** Opening DATASET ENTRIES block **

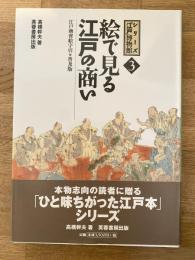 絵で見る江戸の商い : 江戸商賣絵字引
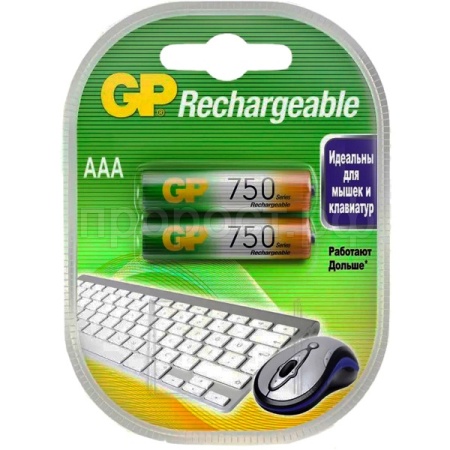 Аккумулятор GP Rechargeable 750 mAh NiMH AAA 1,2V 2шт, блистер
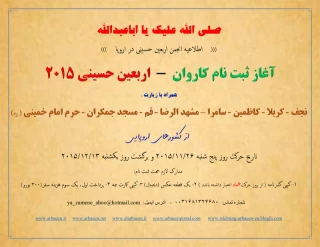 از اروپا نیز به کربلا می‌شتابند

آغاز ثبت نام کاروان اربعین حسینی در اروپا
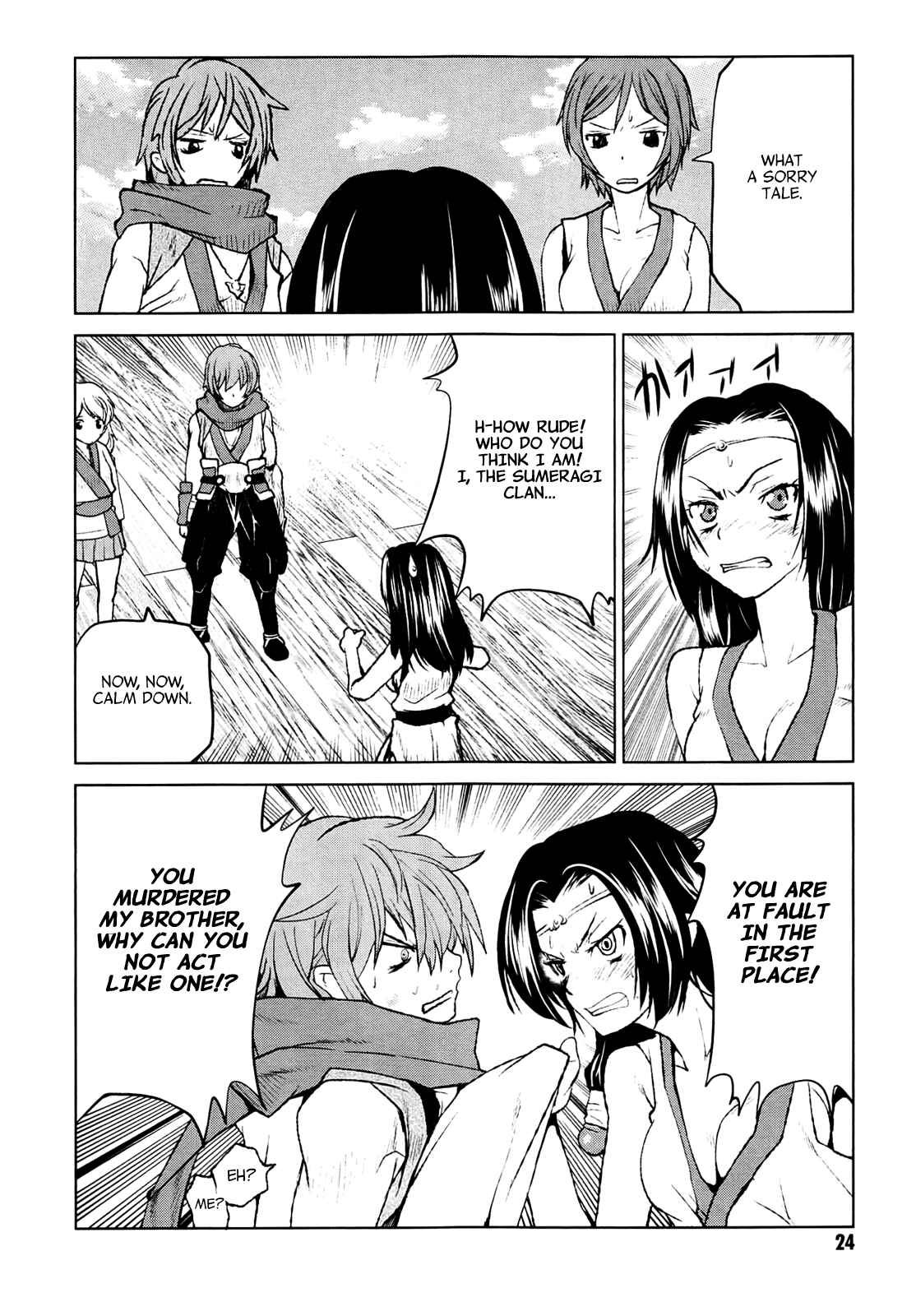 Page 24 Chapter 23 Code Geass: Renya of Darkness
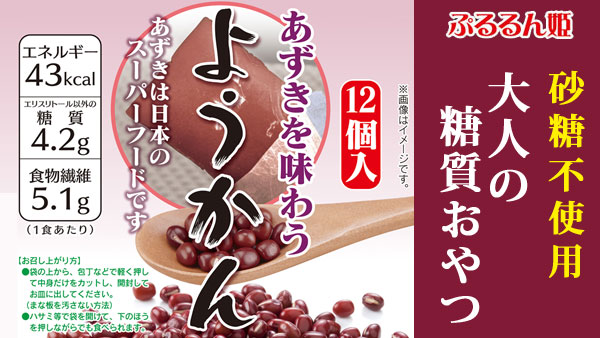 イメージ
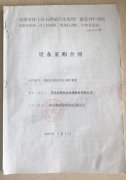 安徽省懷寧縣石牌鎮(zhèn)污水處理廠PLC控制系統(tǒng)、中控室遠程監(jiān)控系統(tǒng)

** Closing DATASET ENTRIES block **

TASK ITEM: Copy out exactly the lines from the one with "آغاز ثبت نام کاروان اربعین حسینی در اروپا" through the end of the listing, both ends included, omitting any picture.

YOUR RESPONSE:
آغاز ثبت نام کاروان اربعین حسینی در اروپا
 Page 24 Chapter 23 Code Geass: Renya of Darkness
 イメージ
 安徽省懷寧縣石牌鎮(zhèn)污水處理廠PLC控制系統(tǒng)、中控室遠程監(jiān)控系統(tǒng)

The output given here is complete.